Equations and matrix...

[God]

Let A be a real matrix of M3 (3x3), if AX=(1,2,3) has only one for X, then is it true that AX=Y has only one solution for X, for every Y (3x1) ?
Let A be a real matrix of M3 (3x3), if AX=(1,2,3) has at least two solutions for X, then is it true that AX=Y has at least two solutions for X, for every Y (3x1) ?

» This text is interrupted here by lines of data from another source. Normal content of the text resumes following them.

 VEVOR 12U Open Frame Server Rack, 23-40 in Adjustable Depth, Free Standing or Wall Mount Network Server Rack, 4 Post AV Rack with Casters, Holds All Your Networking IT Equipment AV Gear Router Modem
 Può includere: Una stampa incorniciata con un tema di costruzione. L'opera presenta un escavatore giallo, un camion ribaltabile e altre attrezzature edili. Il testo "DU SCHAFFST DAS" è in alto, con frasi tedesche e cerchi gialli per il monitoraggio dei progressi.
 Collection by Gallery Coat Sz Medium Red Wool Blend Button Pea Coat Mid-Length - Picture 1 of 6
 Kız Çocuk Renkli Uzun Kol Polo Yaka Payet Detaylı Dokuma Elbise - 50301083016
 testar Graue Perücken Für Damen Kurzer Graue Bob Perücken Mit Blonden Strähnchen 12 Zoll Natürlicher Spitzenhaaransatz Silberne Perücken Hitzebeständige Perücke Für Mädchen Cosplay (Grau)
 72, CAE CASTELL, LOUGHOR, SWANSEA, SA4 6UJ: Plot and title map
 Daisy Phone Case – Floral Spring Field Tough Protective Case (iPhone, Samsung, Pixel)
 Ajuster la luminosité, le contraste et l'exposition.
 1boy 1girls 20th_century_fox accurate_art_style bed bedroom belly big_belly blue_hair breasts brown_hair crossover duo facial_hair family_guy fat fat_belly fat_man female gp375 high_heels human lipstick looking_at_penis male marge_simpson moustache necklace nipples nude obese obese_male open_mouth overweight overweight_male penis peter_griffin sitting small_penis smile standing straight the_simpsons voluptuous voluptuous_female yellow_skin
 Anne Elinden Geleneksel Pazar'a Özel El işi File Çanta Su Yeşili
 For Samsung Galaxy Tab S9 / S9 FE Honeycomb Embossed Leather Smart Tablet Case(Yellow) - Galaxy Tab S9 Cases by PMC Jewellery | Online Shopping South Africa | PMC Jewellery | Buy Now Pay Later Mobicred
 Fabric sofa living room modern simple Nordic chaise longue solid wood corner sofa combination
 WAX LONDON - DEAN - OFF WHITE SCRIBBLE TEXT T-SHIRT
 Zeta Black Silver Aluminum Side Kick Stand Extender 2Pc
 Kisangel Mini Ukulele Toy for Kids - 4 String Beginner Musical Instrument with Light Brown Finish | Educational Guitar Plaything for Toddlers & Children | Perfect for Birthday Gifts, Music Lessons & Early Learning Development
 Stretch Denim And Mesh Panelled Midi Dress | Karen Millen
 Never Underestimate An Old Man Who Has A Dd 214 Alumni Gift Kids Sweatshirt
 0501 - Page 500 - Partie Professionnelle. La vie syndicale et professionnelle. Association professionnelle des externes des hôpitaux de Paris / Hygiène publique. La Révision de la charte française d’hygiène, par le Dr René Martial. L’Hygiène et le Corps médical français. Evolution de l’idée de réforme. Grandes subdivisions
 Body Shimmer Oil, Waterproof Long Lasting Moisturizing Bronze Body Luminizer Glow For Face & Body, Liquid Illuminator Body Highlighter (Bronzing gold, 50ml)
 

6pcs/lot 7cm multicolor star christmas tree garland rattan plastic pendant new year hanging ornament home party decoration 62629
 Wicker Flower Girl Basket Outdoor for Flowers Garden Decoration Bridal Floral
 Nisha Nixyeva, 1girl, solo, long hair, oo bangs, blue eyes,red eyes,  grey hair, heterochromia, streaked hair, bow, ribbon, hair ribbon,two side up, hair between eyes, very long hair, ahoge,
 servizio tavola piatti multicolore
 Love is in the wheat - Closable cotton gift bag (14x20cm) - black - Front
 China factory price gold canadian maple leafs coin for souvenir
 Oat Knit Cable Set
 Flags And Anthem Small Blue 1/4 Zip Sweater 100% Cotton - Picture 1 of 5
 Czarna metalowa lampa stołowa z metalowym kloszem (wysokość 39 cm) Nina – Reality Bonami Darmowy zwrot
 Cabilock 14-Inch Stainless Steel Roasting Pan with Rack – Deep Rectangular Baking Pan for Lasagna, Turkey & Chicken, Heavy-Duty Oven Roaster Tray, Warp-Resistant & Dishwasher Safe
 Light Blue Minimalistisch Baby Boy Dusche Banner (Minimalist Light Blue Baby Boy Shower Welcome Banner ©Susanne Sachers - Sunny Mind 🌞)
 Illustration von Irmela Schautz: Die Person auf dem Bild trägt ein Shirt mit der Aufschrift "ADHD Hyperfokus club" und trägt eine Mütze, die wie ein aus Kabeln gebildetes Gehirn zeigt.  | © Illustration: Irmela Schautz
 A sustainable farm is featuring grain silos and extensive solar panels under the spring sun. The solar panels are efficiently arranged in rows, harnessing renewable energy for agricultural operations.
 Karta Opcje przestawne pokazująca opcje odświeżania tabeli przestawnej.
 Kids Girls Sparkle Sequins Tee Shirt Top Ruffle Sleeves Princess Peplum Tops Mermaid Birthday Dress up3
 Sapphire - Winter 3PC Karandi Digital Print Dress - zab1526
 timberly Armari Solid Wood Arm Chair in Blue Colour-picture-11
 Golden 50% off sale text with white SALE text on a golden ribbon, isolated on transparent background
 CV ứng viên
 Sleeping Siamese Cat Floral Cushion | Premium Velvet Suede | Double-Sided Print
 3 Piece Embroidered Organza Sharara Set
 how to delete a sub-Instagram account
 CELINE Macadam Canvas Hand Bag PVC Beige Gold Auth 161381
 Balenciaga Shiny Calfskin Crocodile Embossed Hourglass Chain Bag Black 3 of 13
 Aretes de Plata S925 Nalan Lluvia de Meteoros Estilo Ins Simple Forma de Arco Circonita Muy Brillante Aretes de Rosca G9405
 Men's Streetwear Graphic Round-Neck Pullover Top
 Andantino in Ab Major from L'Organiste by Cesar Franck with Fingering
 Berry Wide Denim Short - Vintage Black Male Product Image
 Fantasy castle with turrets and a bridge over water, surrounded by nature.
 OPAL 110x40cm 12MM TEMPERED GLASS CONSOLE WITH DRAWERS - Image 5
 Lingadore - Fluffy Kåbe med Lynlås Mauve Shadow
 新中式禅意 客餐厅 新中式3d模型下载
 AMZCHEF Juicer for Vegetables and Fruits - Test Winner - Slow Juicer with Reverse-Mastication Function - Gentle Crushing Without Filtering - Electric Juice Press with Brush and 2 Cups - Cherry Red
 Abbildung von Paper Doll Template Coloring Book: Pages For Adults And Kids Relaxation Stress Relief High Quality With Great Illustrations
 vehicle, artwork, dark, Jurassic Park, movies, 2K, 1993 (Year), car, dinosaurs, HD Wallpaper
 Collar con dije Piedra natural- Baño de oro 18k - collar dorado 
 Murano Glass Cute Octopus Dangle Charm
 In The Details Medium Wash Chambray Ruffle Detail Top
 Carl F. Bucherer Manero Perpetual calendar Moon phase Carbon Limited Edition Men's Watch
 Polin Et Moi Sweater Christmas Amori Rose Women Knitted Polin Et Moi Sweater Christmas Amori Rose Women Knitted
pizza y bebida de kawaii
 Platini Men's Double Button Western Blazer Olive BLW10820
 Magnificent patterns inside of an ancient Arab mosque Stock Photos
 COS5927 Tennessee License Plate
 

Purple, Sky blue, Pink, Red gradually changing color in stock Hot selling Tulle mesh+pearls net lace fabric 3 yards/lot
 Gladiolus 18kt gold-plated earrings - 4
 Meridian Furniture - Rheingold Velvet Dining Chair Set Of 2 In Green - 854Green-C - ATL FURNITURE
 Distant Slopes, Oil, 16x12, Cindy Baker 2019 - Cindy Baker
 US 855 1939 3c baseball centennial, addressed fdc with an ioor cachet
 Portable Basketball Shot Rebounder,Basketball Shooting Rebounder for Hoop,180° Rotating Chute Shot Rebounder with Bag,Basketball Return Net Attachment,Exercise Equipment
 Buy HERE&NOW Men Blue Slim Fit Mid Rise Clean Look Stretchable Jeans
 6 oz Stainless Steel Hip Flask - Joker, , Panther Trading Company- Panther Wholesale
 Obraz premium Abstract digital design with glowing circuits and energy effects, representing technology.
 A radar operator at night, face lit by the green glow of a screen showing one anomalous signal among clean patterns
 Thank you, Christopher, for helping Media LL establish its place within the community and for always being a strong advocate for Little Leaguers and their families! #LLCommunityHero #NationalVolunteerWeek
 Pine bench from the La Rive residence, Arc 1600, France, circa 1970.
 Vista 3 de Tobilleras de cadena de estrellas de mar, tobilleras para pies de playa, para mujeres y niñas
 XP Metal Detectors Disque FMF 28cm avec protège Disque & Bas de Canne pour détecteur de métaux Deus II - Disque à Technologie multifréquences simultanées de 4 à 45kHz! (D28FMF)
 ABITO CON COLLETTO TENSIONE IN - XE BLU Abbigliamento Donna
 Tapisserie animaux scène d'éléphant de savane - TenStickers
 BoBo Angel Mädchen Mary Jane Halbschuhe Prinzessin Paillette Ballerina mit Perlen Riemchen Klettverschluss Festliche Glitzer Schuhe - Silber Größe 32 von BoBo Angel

I don't know how to answer these questions in that we don't know A. It can be any matrix. Showing that the linear function associated to the matrix A is or is not surjective/injective would have done the trick... but since I don't know A, I can't prove it.
Another strategy would have been finding a function whose matrix belongs to M3 ( like f(x,y,z)=(ax+by+cz,dx+ey+fz,gx+hy+kz) ) who's not injective or surjective but who has only one solution for f(x,y,z)=(1,2,3), but it doesn't seem too obvious to me since I can't figure one out...

Any idea on how I can proceed to prove/disprove these ?
Thanks

 

[daon2]

Let A be a real matrix of M3 (3x3), if AX=(1,2,3) has only one for X, then is it true that AX=Y has only one solution for X, for every Y (3x1) ?
Let A be a real matrix of M3 (3x3), if AX=(1,2,3) has at least two solutions for X, then is it true that AX=Y has at least two solutions for X, for every Y (3x1) ?

I don't know how to answer these questions in that we don't know A. It can be any matrix. Showing that the linear function associated to the matrix A is or is not surjective/injective would have done the trick... but since I don't know A, I can't prove it.
Another strategy would have been finding a function whose matrix belongs to M3 ( like f(x,y,z)=(ax+by+cz,dx+ey+fz,gx+hy+kz) ) who's not injective or surjective but who has only one solution for f(x,y,z)=(1,2,3), but it doesn't seem too obvious to me since I can't figure one out...

Any idea on how I can proceed to prove/disprove these ?
Thanks

If A is not invertible, then there is a vector v=/=0 such that Av=0. Suppose there is only one x such that Ax=(1,2,3). What then of the vector (v+x)?

 

[God]

If A is not invertible, then there is a vector v=/=0 such that Av=0. Suppose there is only one x such that Ax=(1,2,3). What then of the vector (v+x)?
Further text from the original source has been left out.